Sein, nicht Haben. So abgedroschen (und leicht mißverstehbar) diese Formel ist, demaskiert sie doch den "amerikanischen Traum" als leer. Der ein sozialistischer Traum ist, den vom Bolschewismus nur unterscheidet, daß er unter ungeheuren Kollateralschäden einen anderen Weg zu materiellem Wohlstand eröffnet hat. Aber bis heute haben es die Amerikaner (genuin: des seit 1865 endgültig dominierenden puritanischen Nordens) nicht geschafft, eine fundamentale Beziehung zum Land selbst aufzubauen. Das sie wie ein Ersatzteillager für ihre Wohlstandsträume behandeln. Als Menschen, eingesperrt in ihre narzißtischen, engen Schranken, Blüten eben dieses mystizistischen Puritanismus.

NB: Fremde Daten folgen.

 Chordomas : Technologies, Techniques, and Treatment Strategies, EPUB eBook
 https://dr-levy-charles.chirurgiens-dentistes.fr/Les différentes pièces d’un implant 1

Dann - wir zitieren wieder Keyserling - hätte auch der amerikanische Privatismus seine Stunde der Fruchtbarkeit. Von dem Hollywood so auffällig träumt. Aber er setzt eben im Privaten an, im engsten Umfeld, das es erst einmal auf seine Substanz zu gewinnen gilt.

Doch dazu müßten erst einmal die Träume von einer Welt-Ordnungsmacht um acht Stufen abgetakelt, auf die eigene Wohnstube wieder beschränkt werden. Denn das staatliche Amerika der Gegenwart hat nicht die (geistige) Kraft, die Welt zu ordnen. Das gesamte 20. Jhd. ist ein einziger Beweis dafür. Beginnend mit den unausgegorenen Wilson-11-Punkten, die Europa bis heute zerrüttet haben, bis zum Desaster im arabischen Raum.

Während Europa sich endlich seiner selbst besinnen sollte, denn noch gibt es dort, wenn auch schon fast zum Katakombendasein, in solitäre Veranstaltungen oder kleine isolierte regionale Räume verdrängt, Geist und geistige Kraft. Es sollte aufhören, der amerikanischen Schimäre nachzujagen, und endlich die Augen wieder öffnen, sich vom Imponiergehabe transatlantischer Fünfjähriger nicht mehr länger einschüchtern lassen, und eigenes Urteil zu bilden lernen. Die ihr Kind, das davongelaufen ist, in seine Schranken weisen. Das erwartet die USA nämlich. Kinder haben ein Recht auf Erziehung.